TASK GOAL:
Retype word for word the stretch of entries below from the line that has "In the next lecture, we" through the line that has "Welcome to an", and omit the pictures.

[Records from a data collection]
[Start of section]
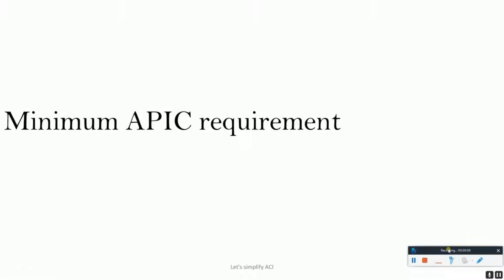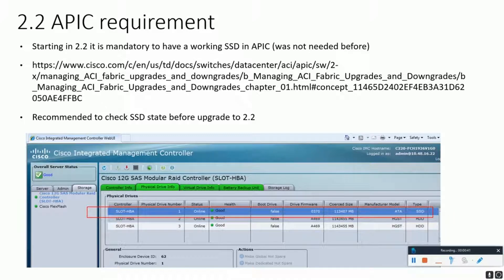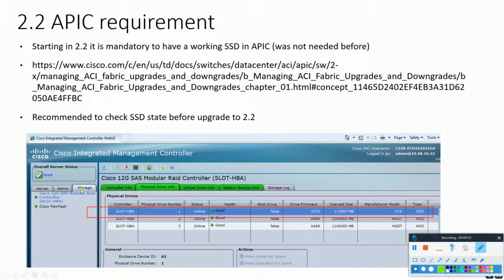This might not be a very relevant point today, but I thought to include it as it might be a situation for some enterprises. If you wish to upgrade your ACF fabric to a firmware version higher than 2.2, it is required to have an SSD in your Cisco UCS server — otherwise it won't work. I've shared the release notes link on the screen. On the CMC GUI, you can go into Storage, then the RAID controller, where you can see whether you have an HDD, SSD, or both.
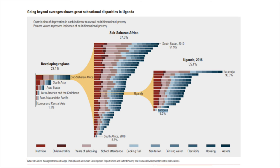There is even inequality under the same roof. In South Asia, for example, almost one-quarter of children under the age of five live in households where at least one child in that household is malnourished and at least one child is not.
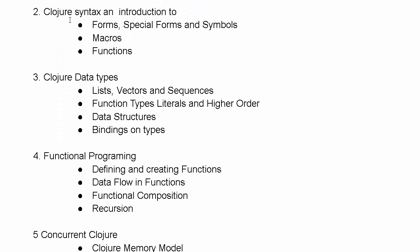We will gain a good understanding of Clojure core syntax, focusing on the core syntax of forms, special forms and symbols, macros and functions.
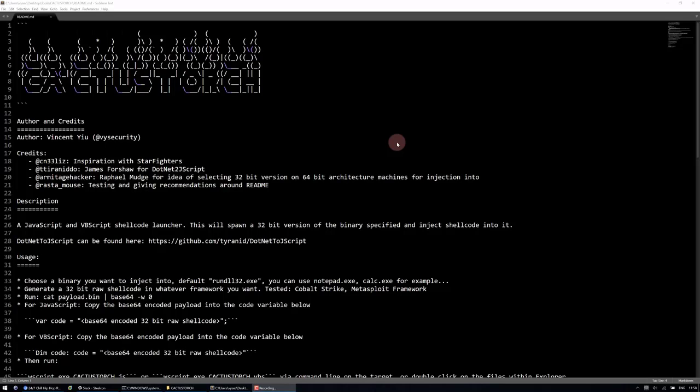In this video I wanted to quickly demonstrate the manual process of using a tool called CactusTorch.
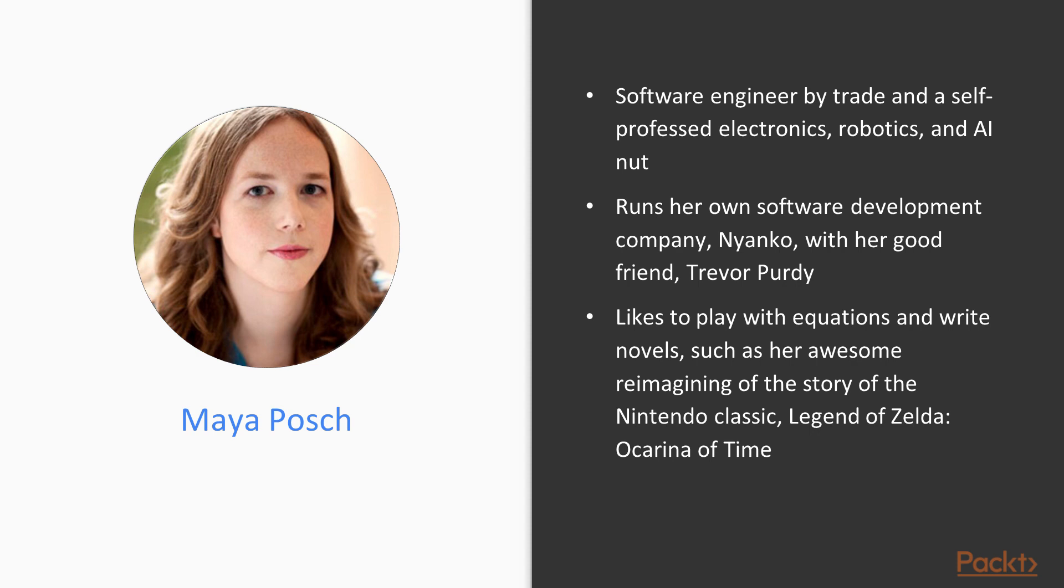Maya Posch is a software engineer by trade and a self-professed electronics, robotics, and AI nut, running her own software development company, Nyanko, with her good friend Trevor Purdy, where she works on various game development projects and some non-game projects.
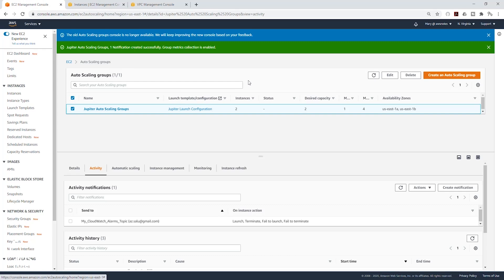In the next lecture, we are going to be creating a scaling policy for auto-scaling groups. Thank you, and I'll see you in the next lecture. Bye.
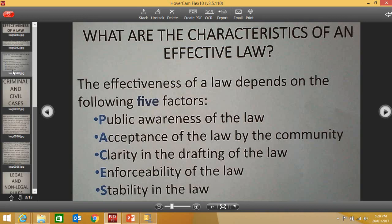The second is the A-factor: is the law likely to be acceptable to the community or the public? The third is the C-factor: is the law clearly drafted so that people can understand what it requires? The fourth factor is the E-factor: is the law able to be enforced? And the final factor, the S-factor, is the stability factor — that is, is the law likely to have to change regularly?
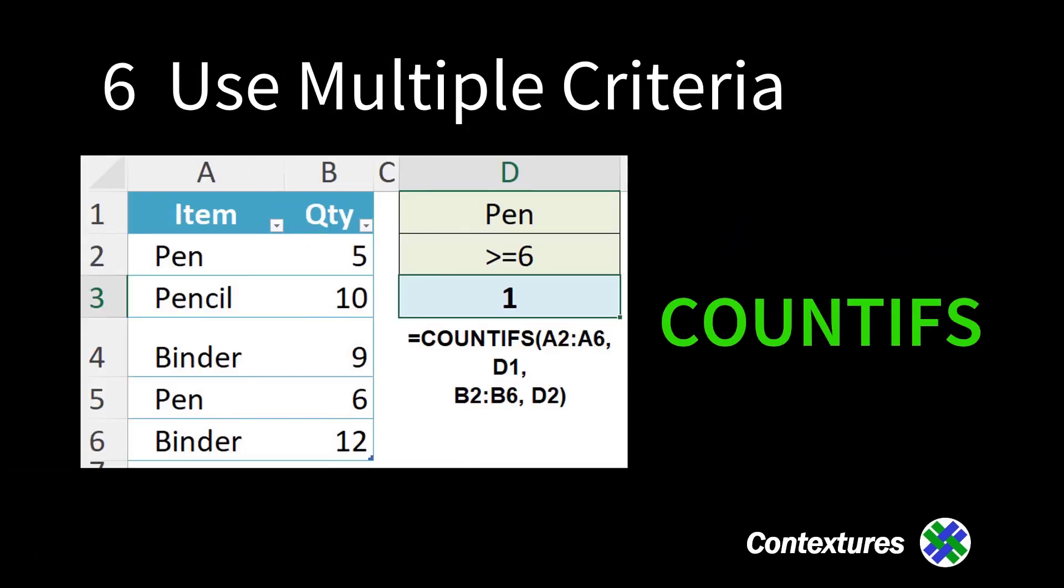Or use multiple criteria. We want pen where the quantity is greater than or equal to six.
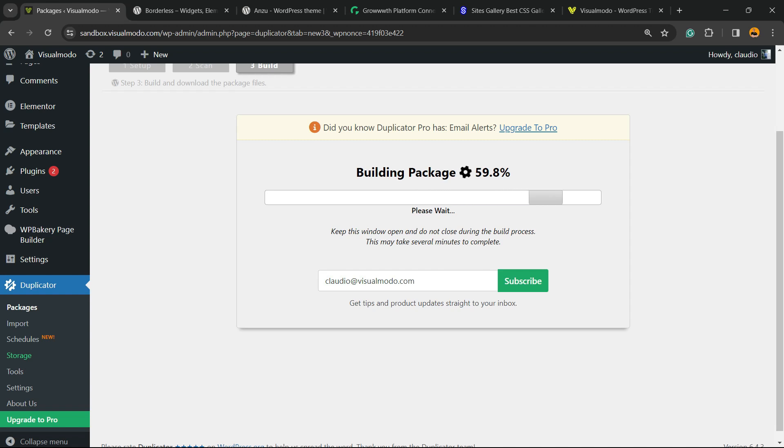While we wait, let me know in the comment section where you're from, what your site is about, and feel free to share your site link so we can review it.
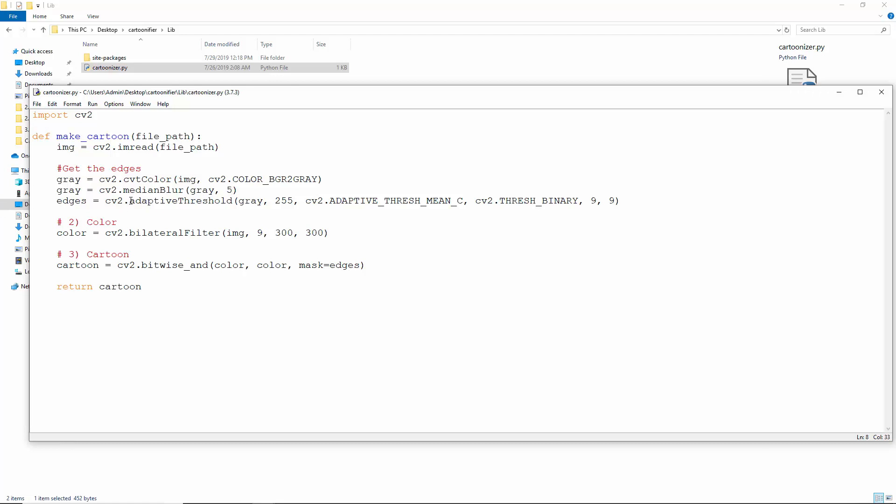Adaptive threshold gets the edges. In simple threshold, it uses one threshold value for the entire image. So for an image with shade, half of it may end up black. But in adaptive threshold, different threshold values are calculated for smaller regions. If a pixel's value is greater than the threshold, we may want to assign it a particular value and another if it is lesser than the threshold value.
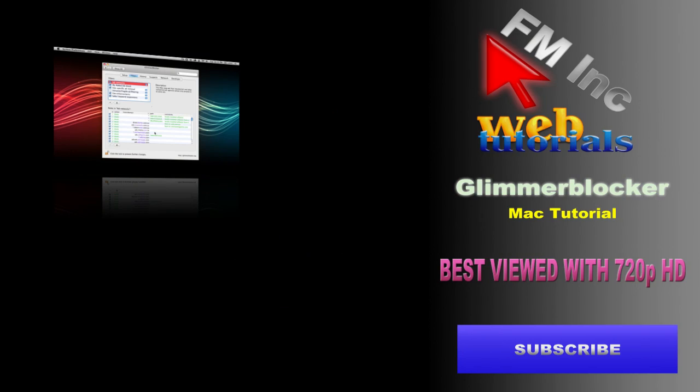Welcome to an FMIG web tutorial covering multiple browser ad blocking. What does this mean? Say you use more than one browser a day, maybe Chrome and Safari or Firefox and Opera.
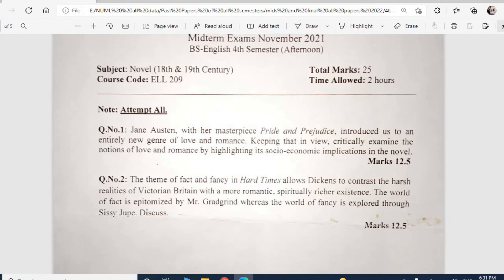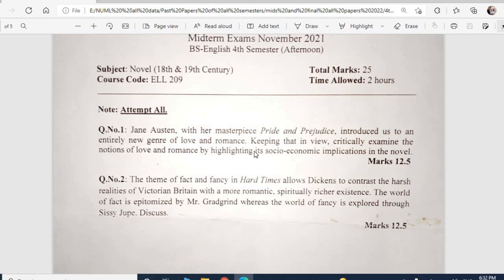This is the Novel paper. Question number one: Jane Austen with her masterpiece 'Pride and Prejudice' introduced an entirely new genre of love and romance. Critically examine the notion of love and romance by highlighting its socio-economic implications in the novel. Though the novel form existed earlier, Jane Austen's work in the 18th century gave it new prominence. It is a romance — a love story — and you must discuss it in detail giving illustrations and quoted lines from the novel.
[End of section]
ANSWER TO THE EXERCISE:
In the next lecture, we are going to be creating a scaling policy for auto-scaling groups. Thank you, and I'll see you in the next lecture. Bye.
The second is the A-factor: is the law likely to be acceptable to the community or the public? The third is the C-factor: is the law clearly drafted so that people can understand what it requires? The fourth factor is the E-factor: is the law able to be enforced? And the final factor, the S-factor, is the stability factor — that is, is the law likely to have to change regularly?
Or use multiple criteria. We want pen where the quantity is greater than or equal to six.
While we wait, let me know in the comment section where you're from, what your site is about, and feel free to share your site link so we can review it.
Adaptive threshold gets the edges. In simple threshold, it uses one threshold value for the entire image. So for an image with shade, half of it may end up black. But in adaptive threshold, different threshold values are calculated for smaller regions. If a pixel's value is greater than the threshold, we may want to assign it a particular value and another if it is lesser than the threshold value.
Welcome to an FMIG web tutorial covering multiple browser ad blocking. What does this mean? Say you use more than one browser a day, maybe Chrome and Safari or Firefox and Opera.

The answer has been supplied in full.